Suan yüzümü göremesemde eminim yanaklarım kıpkırmızı kızarmıştı.
Evet yanımdaydı,önüme dikilmiş ve bana masumca gülümsemişti.
Kafamı kaldırıp yüzüne baktığımda onun da nekadar heycanlı olduğunu hissedebiliyordum.Bana
—Merhaba.. Dedi sadece, ben de sadece
—Merhaba ,diyebildim. İki yabancı gibiydik. Normal birşeydi zaten, ilk buluşmamızdı.Siyah saçları ve o simsiyah gözlerin den kendimi alamıyordum.
Zaten beni de kendine aşık eden o güzel gözleri değilmiydi.
Kamelya ya dogru yuruduk, ve oturduk.
Aramızda iki üç kişi daha otururdu. İçim den salak ya hadi ben kızım utanıyorum sen ne diye yanıma oturmuyorsun diye söylenmeye başladım.
İkimiz de bir kelime konuşmuyorduk. İlk o konuştu ama,—Kaç gün kalcaksınız?
—Galiba üç gün.
—Keşke hep yanımda olsan? Evet yine kıpkırmızı kızarmış ve utanmıştım.

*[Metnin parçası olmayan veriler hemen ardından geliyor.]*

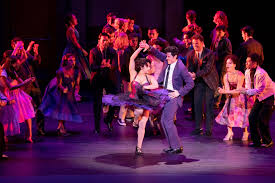 Nueva versión del legendario musical 'west side story' sobre el enfrentamiento entre dos bandas callejeras de nueva york. Taking Classic Musical West Side Story To New Heights The Japan Times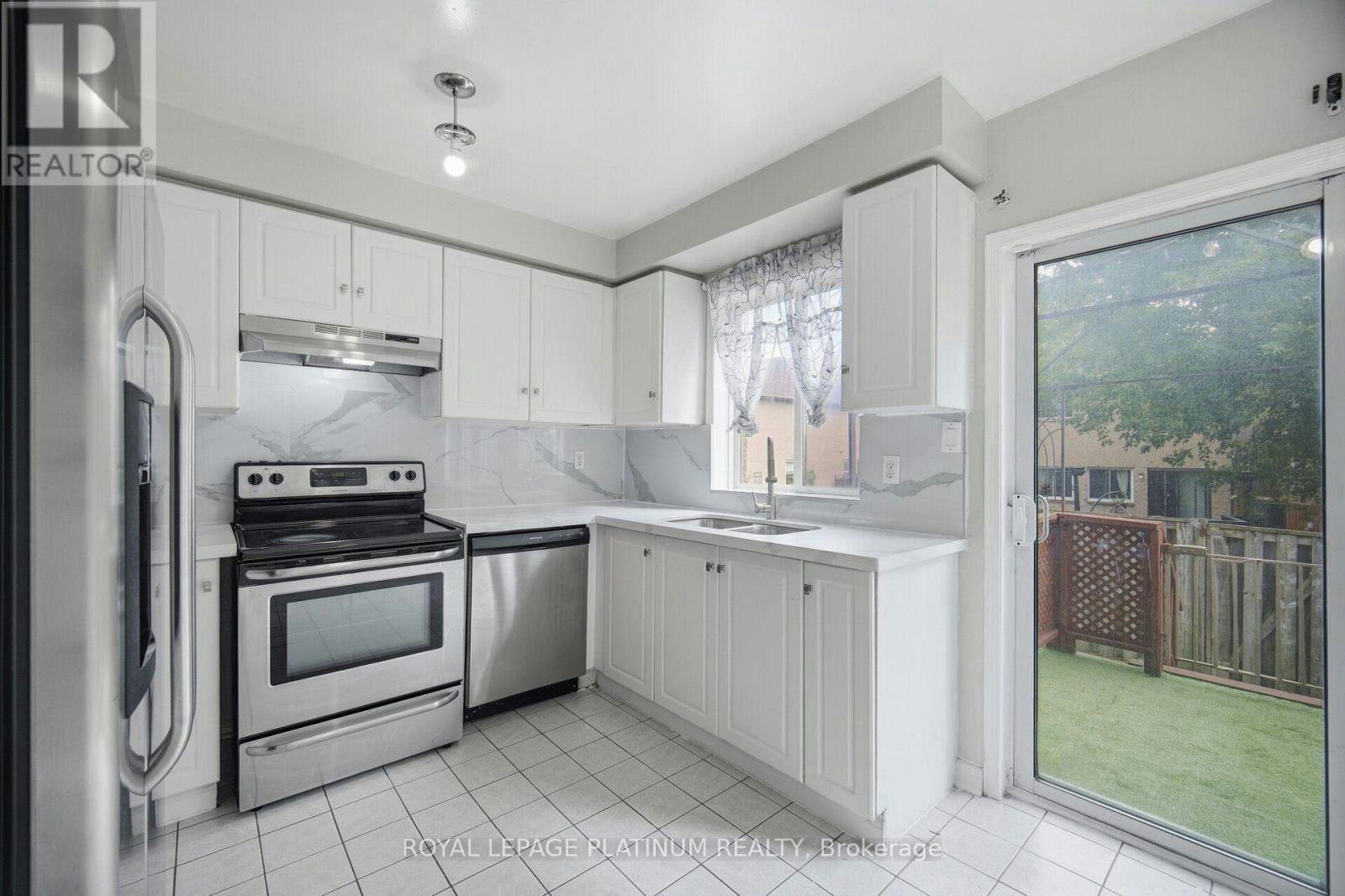 74 Spadina Road, Brampton, ON, L6X 4X6 - 9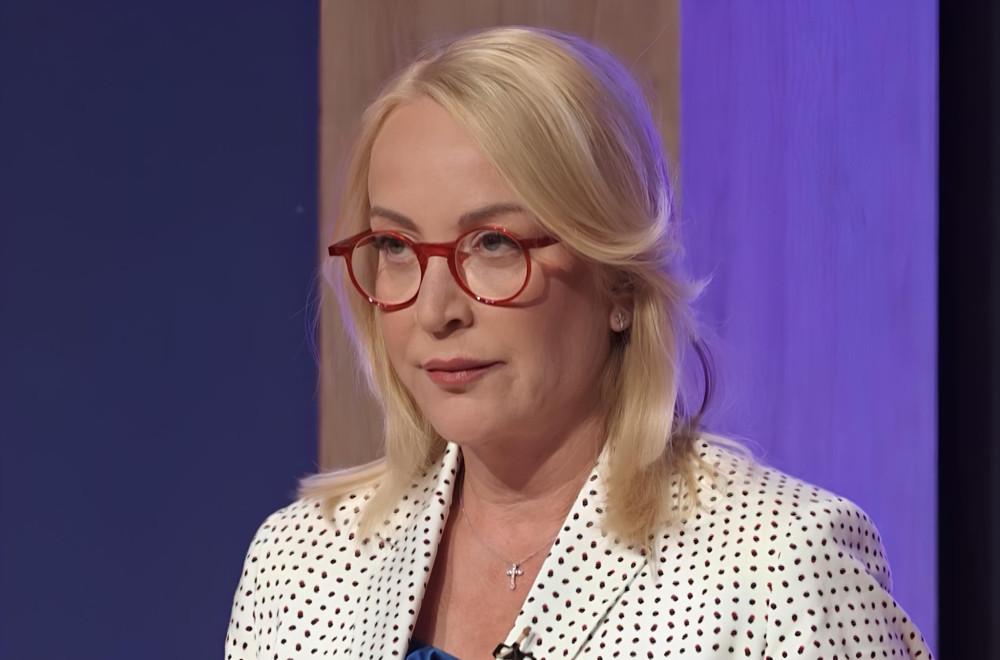 Ljubica proba Ivanovo jelo i odmahuje glavom: „Imamo još jedan problem...“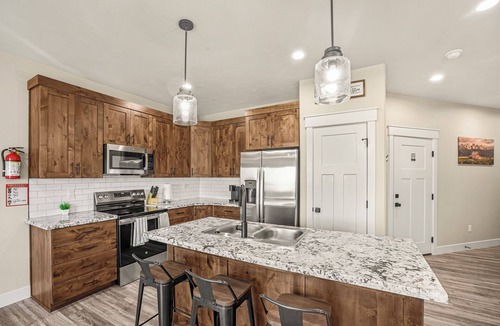 Ashton House | Yellowstone Gateway Retreat Sleeps 10 Near Yellowstone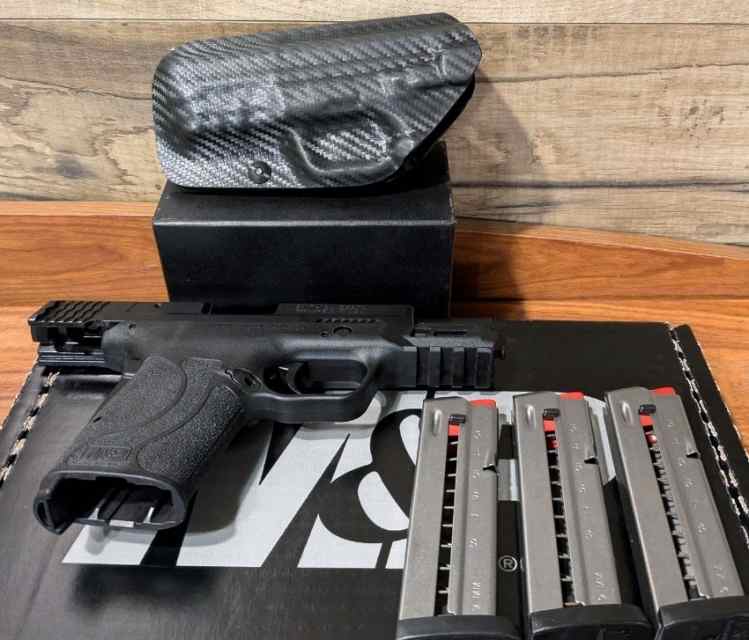 Smith &amp; Wesson M&amp;P 9 Shield EZ 9mm Luger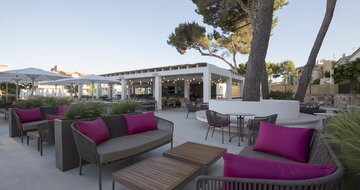 Bella Playa & Spa - bar pri bazéne - letecký zájazd CK Turancar - Malorka, Cala Ratjada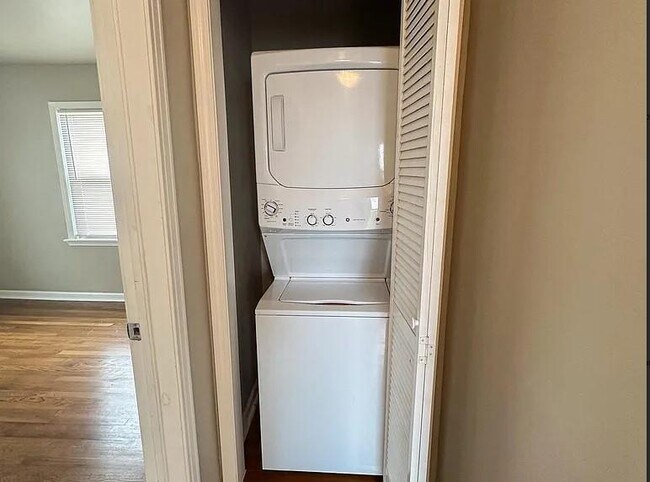 Building Photo - 4616 N Classen Blvd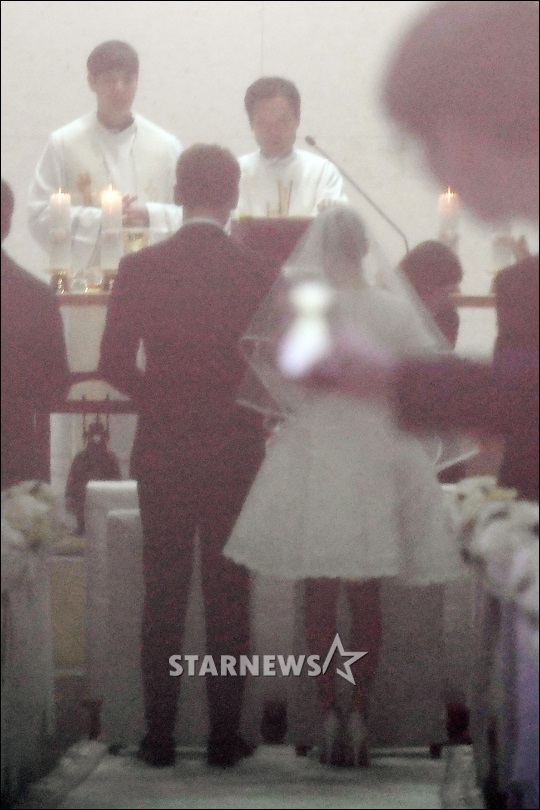 가수 비와 배우 김태희가 19일 오후 가회동 성당에서 혼배미사를 하고 있다. /사진=임성균 기자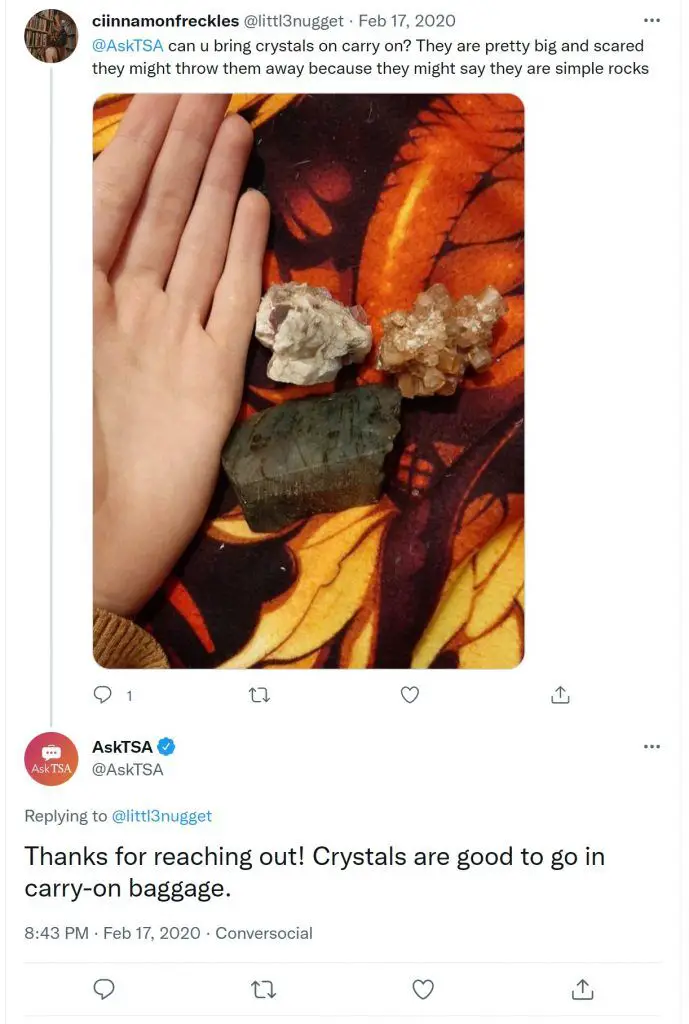 ¿Puedes llevar cristales en un avión?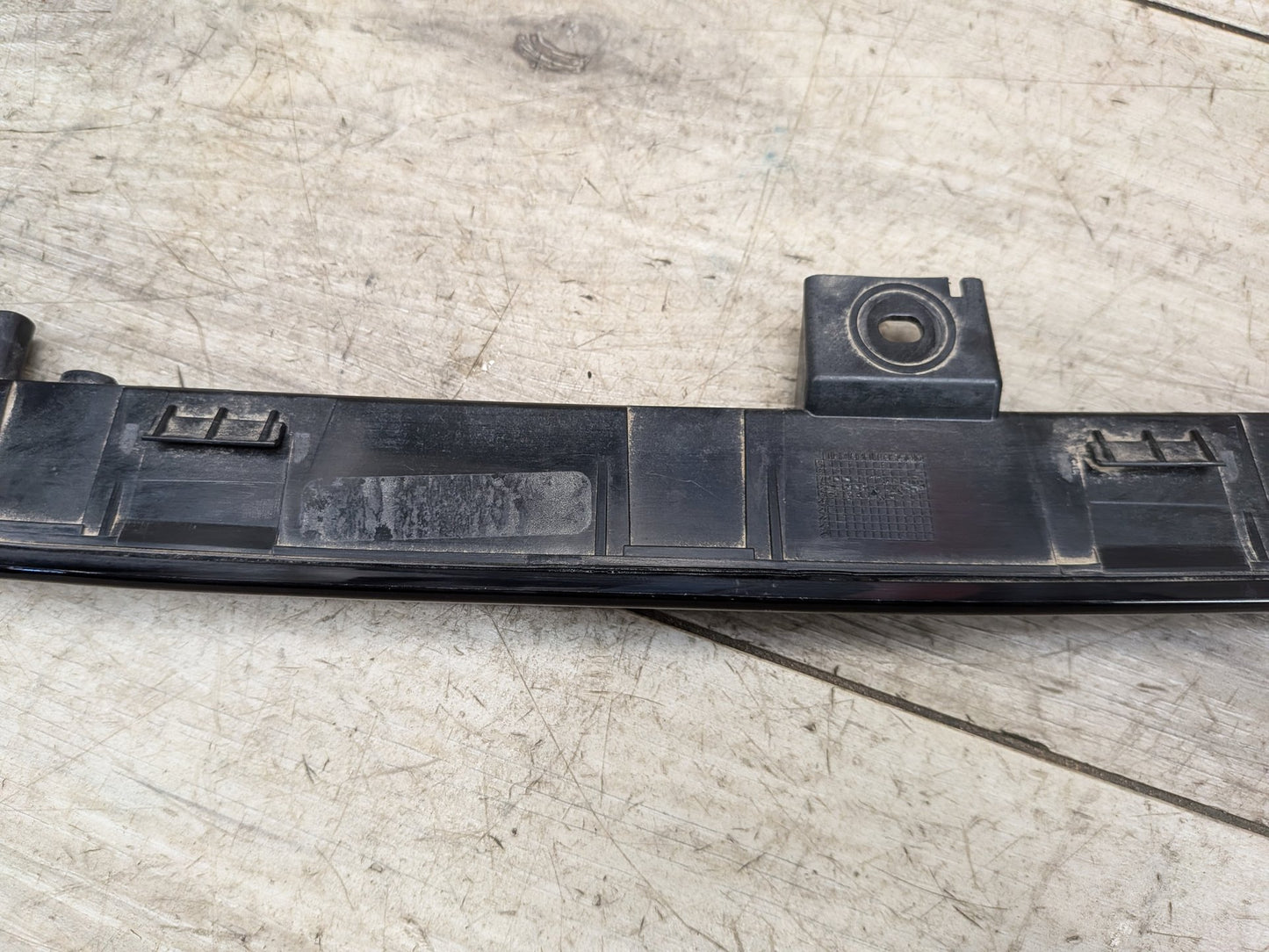 2018 - 2024 BMW X3 G01 Upper Liftgate Trunk Lid 3rd Brake Light 7426511 B46B20O1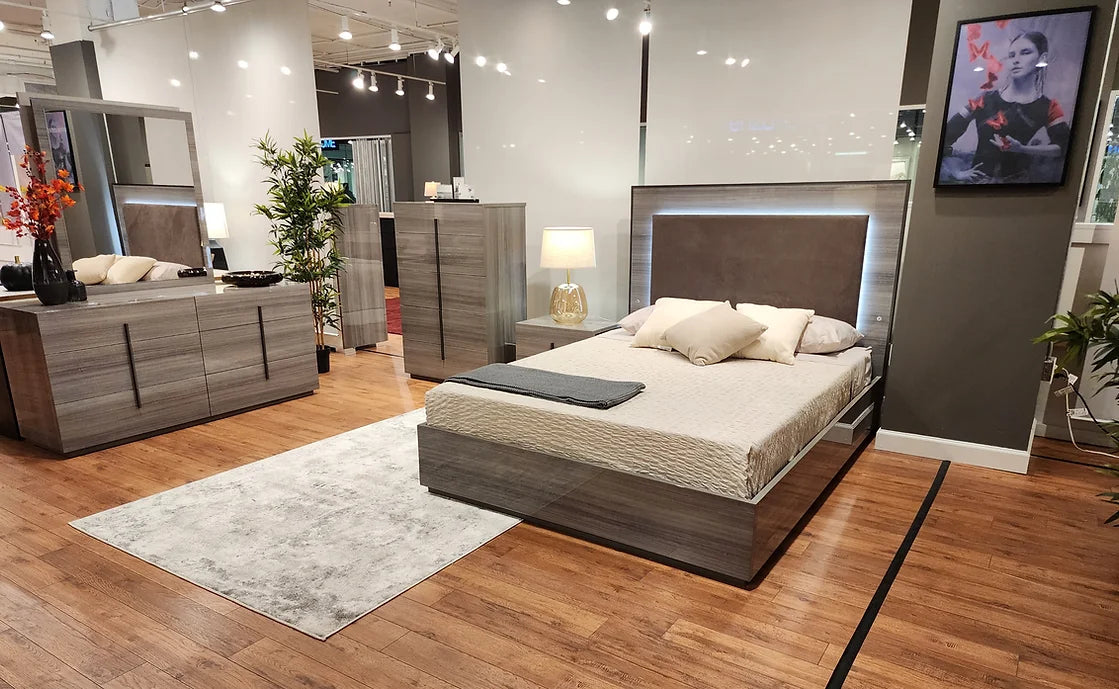 BLADE II COLLECTION BEDROOM SET AVAILABLE IN QUEEN AND KING SIZES AS 4 PC OR 5 PC SETS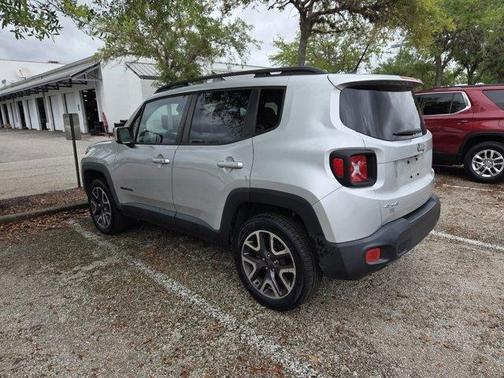Glacier Metallic 2016 Jeep Renegade Latitude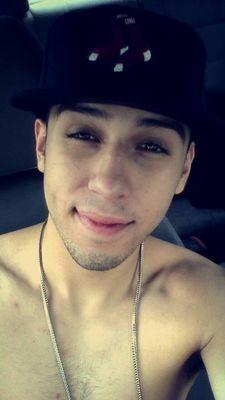 YaBoiiYoung's profile picture. Learning life lessons cause im young and still growing.  IAN CLGN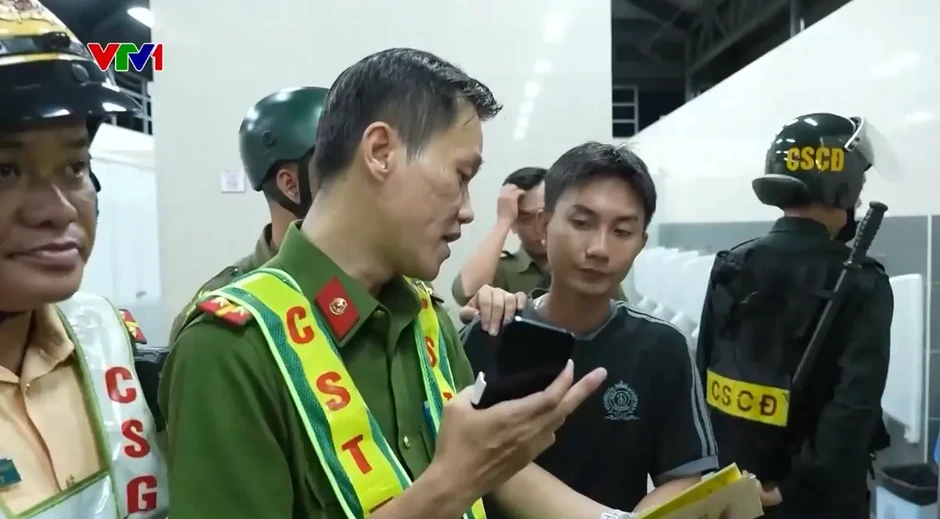 Xuyên đêm kiểm tra tại chợ Bình Điền, phát hiện 2 tài xế dương tính ma túy Xuyên đêm kiểm tra tại chợ Bình Điền, phát hiện 2 tài xế dương tính ma túy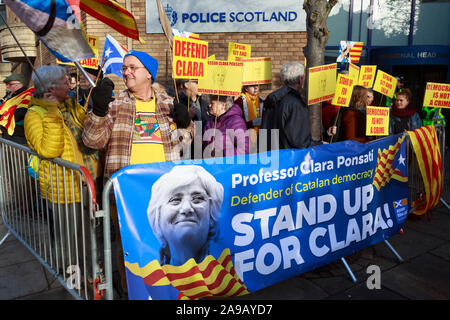 Edinburgh, Royaume-Uni. 14Th Nov 2019. L'économiste espagnol Clara Ponsati arrive à St Leonards de Police le 14 novembre 2019 à Édimbourg, en Écosse. Credit : Pako Mera/Alamy Live News Banque D'Images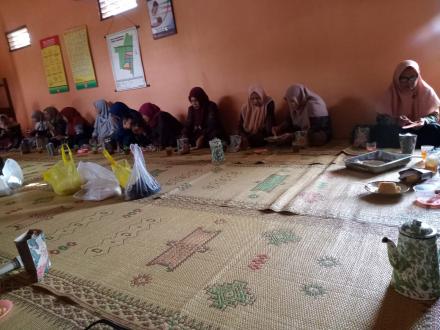 Pertemuan Darma wanita di Nglorong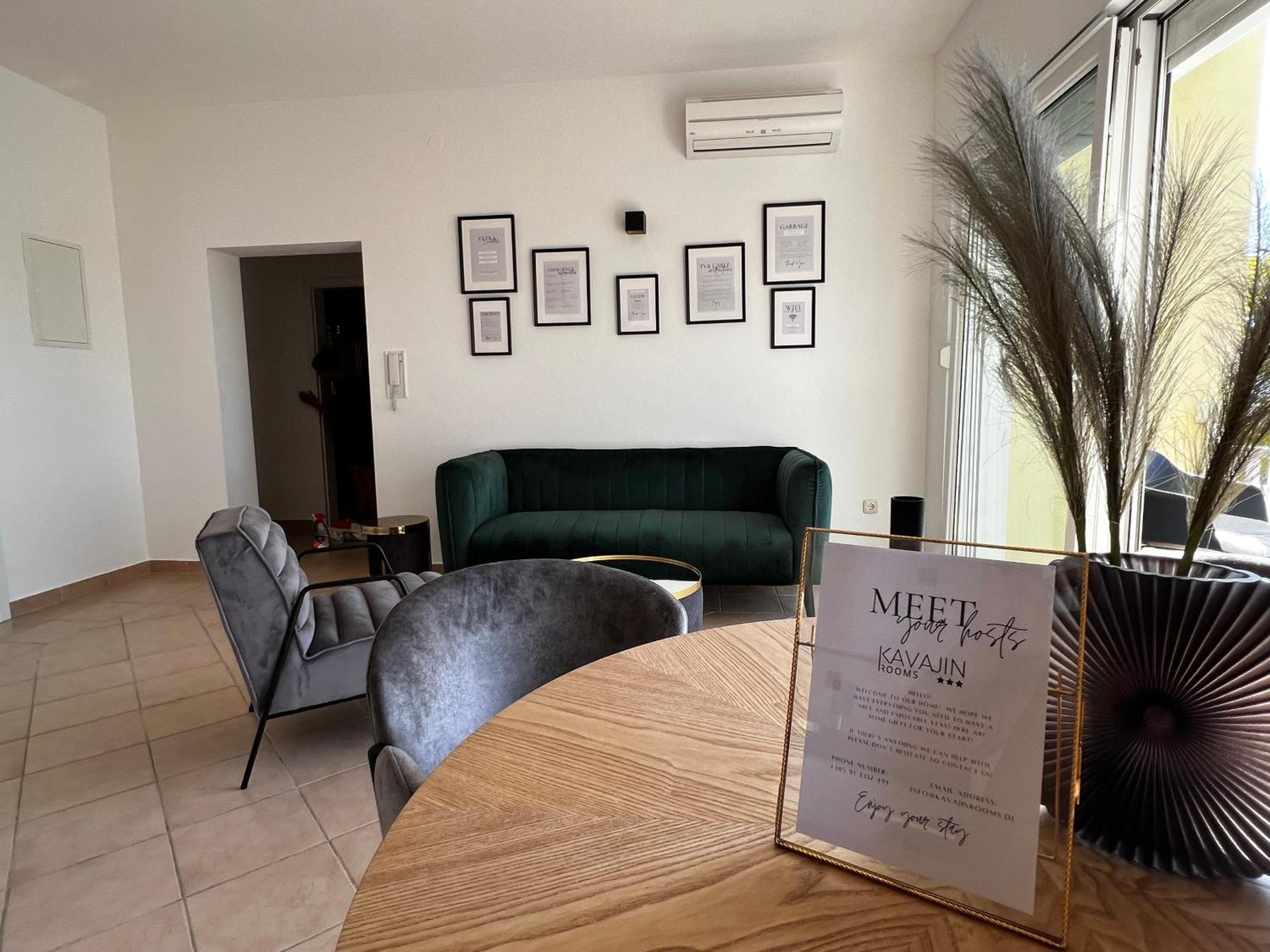 Kavajin Rooms Duće Habitación foto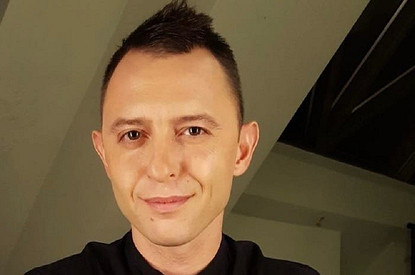 Роме Зверю — 45: почему работал на стройке и как женился на поклоннице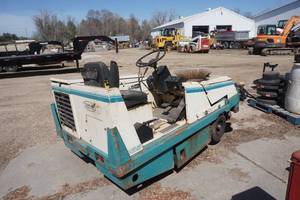 lot 13 image: Tennant Model 365 Ride On Commercial Floor Scrubber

Yüzümü önüme eğerek gülümsedim.—Evet.. Evet mi ah salak Sena bu kadar öküz olmak zorunda değilsin.
Neyse ya ne yapayım anlasın oda az çok heycanlıyım. Sus iç ses be.. Kafamı kaldırıp Tolga ya
—Birazcık yürüsekmi?—Peki.. Kalkmış ve çimlerin üzerin de yürümeye başlamıştık.
Parfümünün kokusu beni kendine doğru çekiyordu resmen.
Konuşmuyorduk sadece göz göze gelip gülümseyip kafamızı geri çeviriyorduk.
Onun bana aşkla bakması bile beni ona delice bağlamaya yetiyordu. Okul ailelerimiz derken konu açılıp gidiyordu.
Kısa kısa sohbetler edip dolaşıyorduk.
Yanıma iyice yaklaşmıştı. Onun haliyle günlerim geçerken şuan nımdaydı.
Evet derin derin aldığı nefesini hissedecek kadar yanımdaydı. Benimdi , benim kelimesi bile mutlu ediyordu beni.
Elini bana doğru uzattı.
O anne yapacağımı bilemedim sadece yüzüne ve gözlerine dalmıştım. Eliyle elimden tutup beni kendine doğru çekti.
Eminim şuan oda kalbimin sesini duyabilirdi.
İnsan huzuru sevdiğinin gözlerinde aramalıydı hayatı boyunca, işte tamda öyle gözleri vardı.
Huzur verici. Bana
—Seni Seviyorum prenses..
Dedi. İçimden ona bende seni seviyorum be diye, çılgınca bağırmak gelsede sessiz kalmayı ve sadece safca gülümsemeyi tercih etmiştim.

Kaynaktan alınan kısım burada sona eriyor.